Supplied material —
>>>

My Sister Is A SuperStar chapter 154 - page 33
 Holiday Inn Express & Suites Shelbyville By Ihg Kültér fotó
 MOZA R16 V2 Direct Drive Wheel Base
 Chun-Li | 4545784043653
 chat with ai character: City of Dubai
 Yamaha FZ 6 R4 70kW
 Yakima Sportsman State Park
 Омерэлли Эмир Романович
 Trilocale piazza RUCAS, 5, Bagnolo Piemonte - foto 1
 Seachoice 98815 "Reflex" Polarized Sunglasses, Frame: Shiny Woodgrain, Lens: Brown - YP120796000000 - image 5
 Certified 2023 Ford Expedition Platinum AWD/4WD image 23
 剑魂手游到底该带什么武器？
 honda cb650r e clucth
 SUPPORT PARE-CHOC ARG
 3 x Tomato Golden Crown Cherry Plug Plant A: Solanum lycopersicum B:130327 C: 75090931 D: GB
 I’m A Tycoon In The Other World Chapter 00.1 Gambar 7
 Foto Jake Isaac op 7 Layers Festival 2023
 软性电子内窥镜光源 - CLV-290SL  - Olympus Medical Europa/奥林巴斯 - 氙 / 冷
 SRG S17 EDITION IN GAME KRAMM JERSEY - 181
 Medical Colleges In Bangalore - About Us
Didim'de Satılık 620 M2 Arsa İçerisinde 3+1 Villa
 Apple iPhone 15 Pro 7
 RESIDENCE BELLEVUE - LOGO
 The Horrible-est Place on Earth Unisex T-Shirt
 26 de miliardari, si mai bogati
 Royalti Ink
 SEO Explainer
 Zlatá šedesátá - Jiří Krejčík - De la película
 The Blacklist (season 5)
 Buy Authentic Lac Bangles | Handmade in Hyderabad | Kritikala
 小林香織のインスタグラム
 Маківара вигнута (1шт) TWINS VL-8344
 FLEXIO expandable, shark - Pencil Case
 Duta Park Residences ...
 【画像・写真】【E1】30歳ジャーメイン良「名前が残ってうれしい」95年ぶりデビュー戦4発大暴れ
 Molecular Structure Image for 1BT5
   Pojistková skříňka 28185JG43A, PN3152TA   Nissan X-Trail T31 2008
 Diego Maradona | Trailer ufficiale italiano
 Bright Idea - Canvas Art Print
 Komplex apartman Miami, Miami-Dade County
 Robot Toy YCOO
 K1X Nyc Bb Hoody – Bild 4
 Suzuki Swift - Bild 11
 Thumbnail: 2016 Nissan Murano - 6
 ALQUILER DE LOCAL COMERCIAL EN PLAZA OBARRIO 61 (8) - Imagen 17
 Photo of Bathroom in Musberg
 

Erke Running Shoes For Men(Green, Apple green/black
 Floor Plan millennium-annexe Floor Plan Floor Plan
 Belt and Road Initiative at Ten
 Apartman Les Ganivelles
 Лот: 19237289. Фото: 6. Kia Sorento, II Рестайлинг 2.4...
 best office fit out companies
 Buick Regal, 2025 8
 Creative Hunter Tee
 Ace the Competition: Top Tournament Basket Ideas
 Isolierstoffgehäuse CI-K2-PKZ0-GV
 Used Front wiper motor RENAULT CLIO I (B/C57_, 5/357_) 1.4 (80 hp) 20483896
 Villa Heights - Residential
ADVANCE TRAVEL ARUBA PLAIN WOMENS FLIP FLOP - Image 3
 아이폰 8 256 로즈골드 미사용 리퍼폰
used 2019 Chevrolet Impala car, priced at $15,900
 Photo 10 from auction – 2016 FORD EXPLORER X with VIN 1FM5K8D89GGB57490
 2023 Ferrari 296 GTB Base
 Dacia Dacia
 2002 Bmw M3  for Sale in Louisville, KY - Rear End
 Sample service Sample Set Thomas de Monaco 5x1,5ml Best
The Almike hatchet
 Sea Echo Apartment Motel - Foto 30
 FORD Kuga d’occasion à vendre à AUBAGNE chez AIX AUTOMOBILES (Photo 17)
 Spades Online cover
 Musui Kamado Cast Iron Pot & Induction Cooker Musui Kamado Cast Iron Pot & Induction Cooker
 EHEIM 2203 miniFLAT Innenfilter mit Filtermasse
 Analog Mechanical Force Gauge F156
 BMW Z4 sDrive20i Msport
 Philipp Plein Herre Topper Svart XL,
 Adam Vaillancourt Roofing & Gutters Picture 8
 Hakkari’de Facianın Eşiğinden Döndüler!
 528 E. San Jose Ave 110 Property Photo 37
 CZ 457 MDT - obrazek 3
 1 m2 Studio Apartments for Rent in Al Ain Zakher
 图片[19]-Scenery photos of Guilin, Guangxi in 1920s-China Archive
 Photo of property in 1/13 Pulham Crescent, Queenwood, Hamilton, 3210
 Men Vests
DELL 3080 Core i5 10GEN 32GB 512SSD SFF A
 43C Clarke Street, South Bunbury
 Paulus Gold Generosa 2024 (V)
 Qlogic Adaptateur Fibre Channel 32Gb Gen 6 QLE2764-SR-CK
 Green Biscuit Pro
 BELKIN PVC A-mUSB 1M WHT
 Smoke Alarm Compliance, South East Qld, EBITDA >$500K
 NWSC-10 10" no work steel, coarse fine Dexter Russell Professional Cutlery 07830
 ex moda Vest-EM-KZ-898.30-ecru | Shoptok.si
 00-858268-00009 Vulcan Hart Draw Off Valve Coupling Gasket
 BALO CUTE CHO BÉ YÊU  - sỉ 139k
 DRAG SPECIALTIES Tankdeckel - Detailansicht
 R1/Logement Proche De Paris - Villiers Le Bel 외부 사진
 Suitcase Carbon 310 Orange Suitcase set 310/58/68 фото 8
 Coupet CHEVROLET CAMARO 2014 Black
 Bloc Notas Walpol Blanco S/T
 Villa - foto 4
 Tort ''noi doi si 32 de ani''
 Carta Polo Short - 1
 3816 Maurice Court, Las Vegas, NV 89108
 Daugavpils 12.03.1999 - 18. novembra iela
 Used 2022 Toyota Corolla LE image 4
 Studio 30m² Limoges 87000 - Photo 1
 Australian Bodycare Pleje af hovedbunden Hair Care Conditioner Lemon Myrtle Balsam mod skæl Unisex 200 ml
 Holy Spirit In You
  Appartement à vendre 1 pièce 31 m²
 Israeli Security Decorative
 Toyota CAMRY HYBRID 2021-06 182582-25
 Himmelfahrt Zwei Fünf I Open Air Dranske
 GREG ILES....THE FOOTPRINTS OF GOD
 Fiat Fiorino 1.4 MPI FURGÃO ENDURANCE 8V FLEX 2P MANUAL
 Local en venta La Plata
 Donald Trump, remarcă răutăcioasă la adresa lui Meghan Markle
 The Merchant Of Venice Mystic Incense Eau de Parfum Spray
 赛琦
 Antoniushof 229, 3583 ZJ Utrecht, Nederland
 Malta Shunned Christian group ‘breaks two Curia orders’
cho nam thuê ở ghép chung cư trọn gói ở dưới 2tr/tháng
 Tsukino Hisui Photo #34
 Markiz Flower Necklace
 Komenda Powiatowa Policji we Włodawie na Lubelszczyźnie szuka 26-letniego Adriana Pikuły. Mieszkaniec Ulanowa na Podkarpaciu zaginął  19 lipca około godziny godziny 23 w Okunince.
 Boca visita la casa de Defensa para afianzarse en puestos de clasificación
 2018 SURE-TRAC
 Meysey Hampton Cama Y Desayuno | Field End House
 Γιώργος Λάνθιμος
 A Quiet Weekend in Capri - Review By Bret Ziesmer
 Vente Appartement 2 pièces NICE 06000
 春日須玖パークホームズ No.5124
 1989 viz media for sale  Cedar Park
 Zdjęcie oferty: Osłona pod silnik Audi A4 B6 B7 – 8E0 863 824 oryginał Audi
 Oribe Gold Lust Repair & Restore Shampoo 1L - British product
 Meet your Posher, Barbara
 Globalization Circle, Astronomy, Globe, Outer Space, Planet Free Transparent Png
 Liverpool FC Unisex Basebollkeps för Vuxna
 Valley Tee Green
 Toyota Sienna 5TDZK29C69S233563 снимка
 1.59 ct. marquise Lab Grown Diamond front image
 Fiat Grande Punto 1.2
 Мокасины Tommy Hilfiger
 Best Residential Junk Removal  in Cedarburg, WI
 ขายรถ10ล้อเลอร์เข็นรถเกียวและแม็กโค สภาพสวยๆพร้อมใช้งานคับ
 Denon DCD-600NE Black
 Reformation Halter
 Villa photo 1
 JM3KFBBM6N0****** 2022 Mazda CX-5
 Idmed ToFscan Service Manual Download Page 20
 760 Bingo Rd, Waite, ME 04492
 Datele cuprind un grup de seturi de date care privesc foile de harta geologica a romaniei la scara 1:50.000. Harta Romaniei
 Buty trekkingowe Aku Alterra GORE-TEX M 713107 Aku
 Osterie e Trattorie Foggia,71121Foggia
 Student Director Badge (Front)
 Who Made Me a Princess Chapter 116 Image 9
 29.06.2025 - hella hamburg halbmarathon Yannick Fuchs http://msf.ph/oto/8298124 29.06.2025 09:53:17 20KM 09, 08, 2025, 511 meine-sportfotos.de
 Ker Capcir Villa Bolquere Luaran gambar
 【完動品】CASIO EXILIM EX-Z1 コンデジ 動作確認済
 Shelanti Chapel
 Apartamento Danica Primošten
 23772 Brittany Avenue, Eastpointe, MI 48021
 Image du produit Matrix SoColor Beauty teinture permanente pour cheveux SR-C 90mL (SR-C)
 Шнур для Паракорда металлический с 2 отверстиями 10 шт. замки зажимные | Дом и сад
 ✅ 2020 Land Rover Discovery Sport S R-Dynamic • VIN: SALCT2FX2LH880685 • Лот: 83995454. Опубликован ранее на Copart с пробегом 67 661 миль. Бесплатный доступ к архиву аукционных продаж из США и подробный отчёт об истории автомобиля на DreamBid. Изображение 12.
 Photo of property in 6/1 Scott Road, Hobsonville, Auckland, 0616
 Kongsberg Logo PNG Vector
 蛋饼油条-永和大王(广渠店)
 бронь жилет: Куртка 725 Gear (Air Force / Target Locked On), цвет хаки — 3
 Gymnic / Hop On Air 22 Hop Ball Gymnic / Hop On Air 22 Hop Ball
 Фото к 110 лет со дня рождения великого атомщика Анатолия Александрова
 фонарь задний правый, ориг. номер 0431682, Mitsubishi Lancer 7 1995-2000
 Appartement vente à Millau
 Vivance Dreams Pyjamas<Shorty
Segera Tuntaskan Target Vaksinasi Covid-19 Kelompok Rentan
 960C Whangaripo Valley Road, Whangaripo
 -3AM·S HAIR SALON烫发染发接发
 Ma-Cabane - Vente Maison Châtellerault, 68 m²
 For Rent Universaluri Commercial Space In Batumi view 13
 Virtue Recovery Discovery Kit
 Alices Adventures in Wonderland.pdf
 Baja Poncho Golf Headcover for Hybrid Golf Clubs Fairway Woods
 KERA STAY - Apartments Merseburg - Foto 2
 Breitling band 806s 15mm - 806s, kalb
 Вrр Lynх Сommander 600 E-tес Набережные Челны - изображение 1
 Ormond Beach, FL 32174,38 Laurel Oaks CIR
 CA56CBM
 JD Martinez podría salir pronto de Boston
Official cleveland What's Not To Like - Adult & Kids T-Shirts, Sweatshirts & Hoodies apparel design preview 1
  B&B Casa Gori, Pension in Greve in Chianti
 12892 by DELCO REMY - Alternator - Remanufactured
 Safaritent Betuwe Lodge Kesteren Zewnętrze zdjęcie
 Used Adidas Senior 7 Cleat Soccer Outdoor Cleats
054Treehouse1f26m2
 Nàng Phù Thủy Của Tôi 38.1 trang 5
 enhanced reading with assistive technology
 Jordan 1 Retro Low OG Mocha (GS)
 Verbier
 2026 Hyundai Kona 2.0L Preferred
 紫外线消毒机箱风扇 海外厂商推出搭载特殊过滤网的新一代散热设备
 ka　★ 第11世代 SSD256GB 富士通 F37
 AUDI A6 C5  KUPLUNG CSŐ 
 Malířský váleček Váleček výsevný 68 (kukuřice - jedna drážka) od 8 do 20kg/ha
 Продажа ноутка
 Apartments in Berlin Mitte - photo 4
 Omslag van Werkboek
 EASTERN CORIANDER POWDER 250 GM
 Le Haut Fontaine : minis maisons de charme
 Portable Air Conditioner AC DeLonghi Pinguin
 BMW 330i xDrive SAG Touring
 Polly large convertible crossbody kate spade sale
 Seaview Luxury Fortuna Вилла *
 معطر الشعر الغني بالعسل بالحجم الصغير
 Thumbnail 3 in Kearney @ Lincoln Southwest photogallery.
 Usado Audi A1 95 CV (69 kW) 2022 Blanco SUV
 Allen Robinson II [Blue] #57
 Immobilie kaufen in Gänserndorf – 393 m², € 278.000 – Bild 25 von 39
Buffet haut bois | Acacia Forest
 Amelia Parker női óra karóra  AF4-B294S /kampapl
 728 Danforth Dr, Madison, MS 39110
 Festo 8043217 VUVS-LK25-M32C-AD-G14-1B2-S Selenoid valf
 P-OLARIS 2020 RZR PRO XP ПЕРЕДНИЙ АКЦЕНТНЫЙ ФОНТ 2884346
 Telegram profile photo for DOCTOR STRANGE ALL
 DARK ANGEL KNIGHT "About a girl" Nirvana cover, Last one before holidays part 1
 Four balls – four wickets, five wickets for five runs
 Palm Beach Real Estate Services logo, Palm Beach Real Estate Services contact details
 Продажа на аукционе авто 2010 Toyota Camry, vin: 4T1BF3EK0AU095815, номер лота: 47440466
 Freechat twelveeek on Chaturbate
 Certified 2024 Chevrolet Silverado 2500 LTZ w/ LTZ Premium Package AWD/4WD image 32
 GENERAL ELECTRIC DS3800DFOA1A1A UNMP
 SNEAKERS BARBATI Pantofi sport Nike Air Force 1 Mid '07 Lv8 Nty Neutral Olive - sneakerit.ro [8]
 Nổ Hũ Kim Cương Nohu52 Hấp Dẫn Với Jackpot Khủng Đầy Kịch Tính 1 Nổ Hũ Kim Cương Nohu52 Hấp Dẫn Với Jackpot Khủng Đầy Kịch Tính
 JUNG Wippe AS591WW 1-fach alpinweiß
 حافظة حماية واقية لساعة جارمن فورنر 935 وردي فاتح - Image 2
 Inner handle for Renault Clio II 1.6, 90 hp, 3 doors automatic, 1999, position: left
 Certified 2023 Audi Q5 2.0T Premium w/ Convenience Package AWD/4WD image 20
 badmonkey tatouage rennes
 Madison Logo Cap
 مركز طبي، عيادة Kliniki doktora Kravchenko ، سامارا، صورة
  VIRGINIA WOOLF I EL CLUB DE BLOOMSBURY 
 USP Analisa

<<<

What is expected — Please give again the lines above between the line holding "BMW 330i xDrive SAG Touring" and the line holding "728 Danforth Dr, Madison, MS 39110", inclusive, exactly as they are and with nothing added.

Written response —
 BMW 330i xDrive SAG Touring
 Polly large convertible crossbody kate spade sale
 Seaview Luxury Fortuna Вилла *
 معطر الشعر الغني بالعسل بالحجم الصغير
 Thumbnail 3 in Kearney @ Lincoln Southwest photogallery.
 Usado Audi A1 95 CV (69 kW) 2022 Blanco SUV
 Allen Robinson II [Blue] #57
 Immobilie kaufen in Gänserndorf – 393 m², € 278.000 – Bild 25 von 39
Buffet haut bois | Acacia Forest
 Amelia Parker női óra karóra  AF4-B294S /kampapl
 728 Danforth Dr, Madison, MS 39110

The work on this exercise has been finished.